In materia di dimissioni presentate dal lavoratore nell’ambito di un rapporto di lavoro pubblico una consolidata Giurisprudenza Amministrativa ha statuito la necessità di una presa d’atto da parte della p.a. debitamente portata a conoscenza dell’interessato il quale, pertanto, ben può revocare le dimissioni stesse fintantoché l’Amm.ne non ha formalmente preso atto delle medesime; in assenza di tale atto conclusivo le dimissioni possono essere revocate e dunque tamquam non esset.

E infatti:

“Sotto un primo aspetto, la Sezione ritiene decisivo osservare che la controversia all’esame, diversamente da tutti i precedenti giurisprudenziali sopra richiamati, si è svolta nel mutato quadro legislativo introdotto con la legge n. 15 dell’11 febbraio 2005, contenente le «Nuove norme in materia di procedimento amministrativo e di diritto di accesso ai documenti amministrativi».

L’art. 21 – bis, della l. n. 241 del 1990, introdotto dall’art. 14, della nuova legge, avverte che «Il provvedimento limitativo della sfera giuridica dei privati acquista efficacia nei confronti di ciascun destinatario con la comunicazione allo stesso……..»

La norma, com’è palese, si propone di tutelare i destinatari di provvedimenti con effetti negativi, generalizzando l’obiettivo, che la rende prevalente rispetto ad ogni altra disposizione difforme, di ridurre le distanze tra l’amministrazione ed i soggetti coinvolti dall’agire amministrativo.

Per essa, si ricava la conferma per via legislativa dell’assunto fatto proprio dalla sentenza impugnata, per il quale la conoscenza del provvedimento ad effetti negativi sul destinatario, nella fattispecie in esame collegati all’accettazione delle dimissioni, è essenziale, e non può avvenire che attraverso la sua effettiva comunicazione.

Per tal via, nel procedimento segnato dagli atti qui in discussione, si verifica una significativa dequotazione del momento perfezionativo del provvedimento di accettazione delle dimissioni all’interno di una fattispecie a formazione progressiva, che inizia con la domanda del dipendente e si conclude con la comunicazione di esso.

Emerge anche la necessità che quest’ultima abbia un carattere formale, in ragione del quale non possono avere rilievo alcuno modalità conoscitive ritenute equivalenti ovvero soddisfatte per facta concludentia, quali, nella fattispecie in esame, sono tutte quelle evidenziate nell’atto d’appello.

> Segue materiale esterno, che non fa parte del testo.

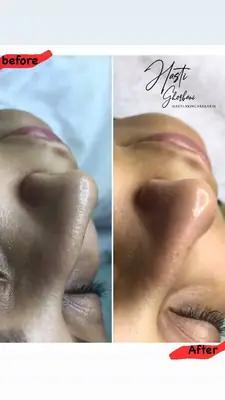 فشیال و پاکسازی پوست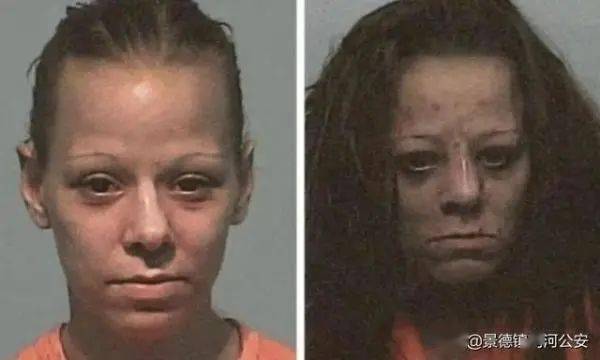 22岁女子吸毒6年瘦到脸凹牙拔光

Consegue, altresì, da quanto sopra argomentato, l’insussistenza della affermata cessazione del rapporto di lavoro tra la Corte dei Conti ed il consigliere C., pur correttamente prospettata da parte appellante come circostanza, in via di principio, incompatibile con l’esercizio del potere di revoca delle dimissioni”(cfr. tra le tante C.d.S. Sez. V  16.1.2008 n. 73).